Arrest warrants were issued for two journalists on Monday over their reporting on the spread of the coronavirus in Virginia.
Julia Rendleman, a freelance photographer for the Times, and Alec MacGillis, a reporter for ProPublica, were wanted for misdemeanor trespassing on the Liberty University campus in Lynchburg, Virginia.
Jerry Falwell Jr., the president of the evangelical university, announced the issuance of the warrants in an interview Wednesday on Todd Starnes’ radio show. Falwell told the conservative host the journalists had allegedly broken the law while working on articles critical of his decision to partially reopen the campus amid the coronavirus pandemic.
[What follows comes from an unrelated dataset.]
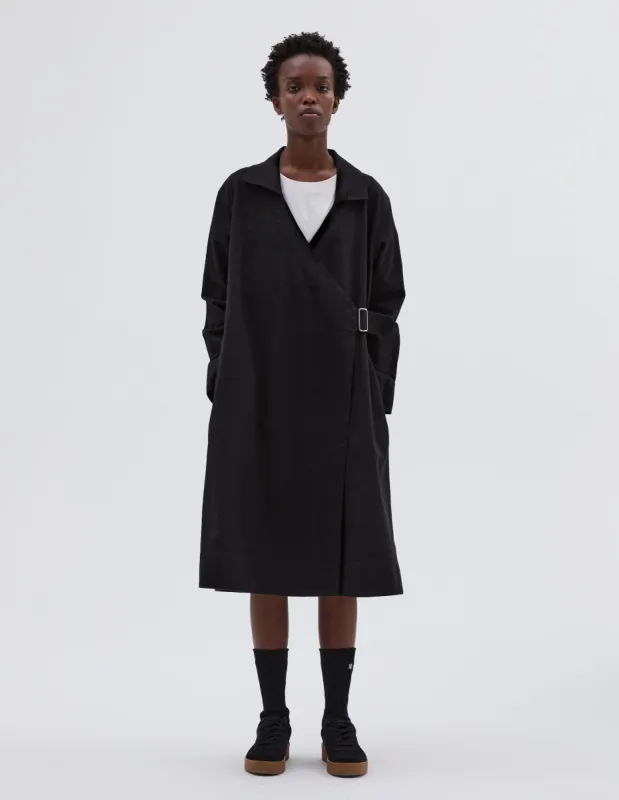 MHL. COLLARED WRAP DRESS | ORGANIC COTTON INDIGO | OFF BLACK sold by Margaret Howell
Copies of the warrants published to Starnes’ website show they were requested by Liberty University police and granted by a local district judge.
Falwell and Liberty have been widely criticized for welcoming students back to campus after spring break despite the spread of the novel coronavirus. Almost every other U.S. college has closed campus and sent students home.
The Times reported that 11 Liberty students were experiencing symptoms of COVID-19, the respiratory diseased caused by the coronavirus. At least one student, who lives off campus, had tested positive, according to Dr. Thomas Eppes Jr., who runs Liberty’s student health service.
All the students were directed to self-quarantine. Falwell told the Times any student returning to campus would be required to self-quarantine for 14 days.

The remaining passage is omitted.